## Input data:

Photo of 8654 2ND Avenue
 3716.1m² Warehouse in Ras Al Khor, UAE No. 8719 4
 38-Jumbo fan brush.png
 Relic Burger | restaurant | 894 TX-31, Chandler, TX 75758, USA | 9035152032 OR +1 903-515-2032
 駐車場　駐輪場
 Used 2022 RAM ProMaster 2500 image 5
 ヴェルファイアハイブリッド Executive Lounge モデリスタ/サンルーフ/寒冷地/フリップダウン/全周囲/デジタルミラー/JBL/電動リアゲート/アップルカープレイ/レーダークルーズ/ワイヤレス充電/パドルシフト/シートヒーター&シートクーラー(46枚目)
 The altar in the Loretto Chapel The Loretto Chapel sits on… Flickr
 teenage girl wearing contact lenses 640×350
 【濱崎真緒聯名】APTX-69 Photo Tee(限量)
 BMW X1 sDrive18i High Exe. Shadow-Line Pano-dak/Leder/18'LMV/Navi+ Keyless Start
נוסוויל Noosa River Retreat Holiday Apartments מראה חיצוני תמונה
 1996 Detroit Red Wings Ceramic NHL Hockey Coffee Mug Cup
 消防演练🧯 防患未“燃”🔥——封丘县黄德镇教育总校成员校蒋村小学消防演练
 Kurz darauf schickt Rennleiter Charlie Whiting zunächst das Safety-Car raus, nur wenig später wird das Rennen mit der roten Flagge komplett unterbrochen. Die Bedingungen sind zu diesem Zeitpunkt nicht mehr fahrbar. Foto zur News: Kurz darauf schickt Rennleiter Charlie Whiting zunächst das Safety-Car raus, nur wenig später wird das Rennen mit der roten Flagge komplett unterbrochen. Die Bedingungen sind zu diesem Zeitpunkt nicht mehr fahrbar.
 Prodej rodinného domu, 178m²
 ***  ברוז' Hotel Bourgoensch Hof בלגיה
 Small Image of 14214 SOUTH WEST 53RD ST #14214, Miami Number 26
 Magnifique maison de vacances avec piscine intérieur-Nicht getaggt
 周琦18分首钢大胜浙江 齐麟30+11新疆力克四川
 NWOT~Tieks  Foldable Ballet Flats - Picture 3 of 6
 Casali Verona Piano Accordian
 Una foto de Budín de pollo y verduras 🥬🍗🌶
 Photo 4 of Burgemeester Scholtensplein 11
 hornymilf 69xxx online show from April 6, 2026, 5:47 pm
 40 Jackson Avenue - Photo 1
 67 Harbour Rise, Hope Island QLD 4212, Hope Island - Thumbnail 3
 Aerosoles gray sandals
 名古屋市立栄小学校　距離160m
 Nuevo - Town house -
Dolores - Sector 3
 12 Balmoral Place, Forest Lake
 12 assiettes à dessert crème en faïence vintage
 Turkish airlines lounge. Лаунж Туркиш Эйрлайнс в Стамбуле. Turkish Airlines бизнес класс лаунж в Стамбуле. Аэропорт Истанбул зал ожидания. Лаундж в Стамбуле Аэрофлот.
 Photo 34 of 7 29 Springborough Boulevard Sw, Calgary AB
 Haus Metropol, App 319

## Problem requirements:
Take the lines from the first line of the records through the line holding "The altar in", both included, and please reproduce them exactly with nothing added.

## Output of the task:
Photo of 8654 2ND Avenue
 3716.1m² Warehouse in Ras Al Khor, UAE No. 8719 4
 38-Jumbo fan brush.png
 Relic Burger | restaurant | 894 TX-31, Chandler, TX 75758, USA | 9035152032 OR +1 903-515-2032
 駐車場　駐輪場
 Used 2022 RAM ProMaster 2500 image 5
 ヴェルファイアハイブリッド Executive Lounge モデリスタ/サンルーフ/寒冷地/フリップダウン/全周囲/デジタルミラー/JBL/電動リアゲート/アップルカープレイ/レーダークルーズ/ワイヤレス充電/パドルシフト/シートヒーター&シートクーラー(46枚目)
 The altar in the Loretto Chapel The Loretto Chapel sits on… Flickr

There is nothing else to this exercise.